Le blocage récent du site Japscan par la justice française marque un tournant dans la guerre menée par les éditeurs contre le piratage de mangas. Cette décision, attendue depuis des années, intervient dans un contexte de contraction du marché, où la protection des ayants droit est devenue prioritaire.
Piratage de mangas : une pratique de masse en France
Japscan proposait plus de 13 000 titres, incluant mangas, manhwas, manhuas, BD occidentales et comics, et rassemblait chaque mois près de 700 000 visiteurs uniques en France. Selon une étude Mangas.io, 83% des lecteurs de mangas consultent, au moins occasionnellement, des sites pirates — un chiffre qui illustre l’ampleur du phénomène dans l’Hexagone.

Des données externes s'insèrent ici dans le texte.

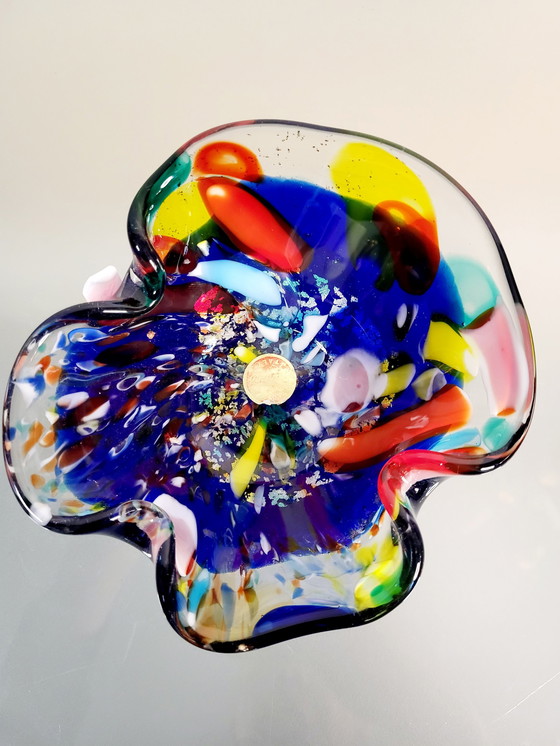 Image 1 of Mehrfarbige Murano-Schale, mundgeblasenes organisches Muster mit silbernen Blättern, Italien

Cette pratique affecte directement les ventes : le marché du manga, en repli, a vu son chiffre d’affaires chuter de 13% en 2023 puis de 4% en 2024, et la baisse atteint 9,3% en volume pour le seul secteur éditorial mangas sur l’année 2024.
Les éditeurs français s’unissent contre Japscan
Pour la première fois, huit grandes maisons d’édition (Casterman, Delcourt-Tonkam, Glénat, Kana, Ki-oon, Kurokawa, Panini Manga, Pika) ont joint leurs forces au Syndicat national de l’édition (SNE) et à Crunchyroll pour obtenir, le 23 juillet 2025, une ordonnance judiciaire de blocage de Japscan et de ses sous-domaines.
Tous les grands fournisseurs d’accès à Internet (Orange, SFR, Free, Bouygues Telecom) ont ainsi reçu l’obligation de couper techniquement l’accès à ces adresses pour une durée de 18 mois.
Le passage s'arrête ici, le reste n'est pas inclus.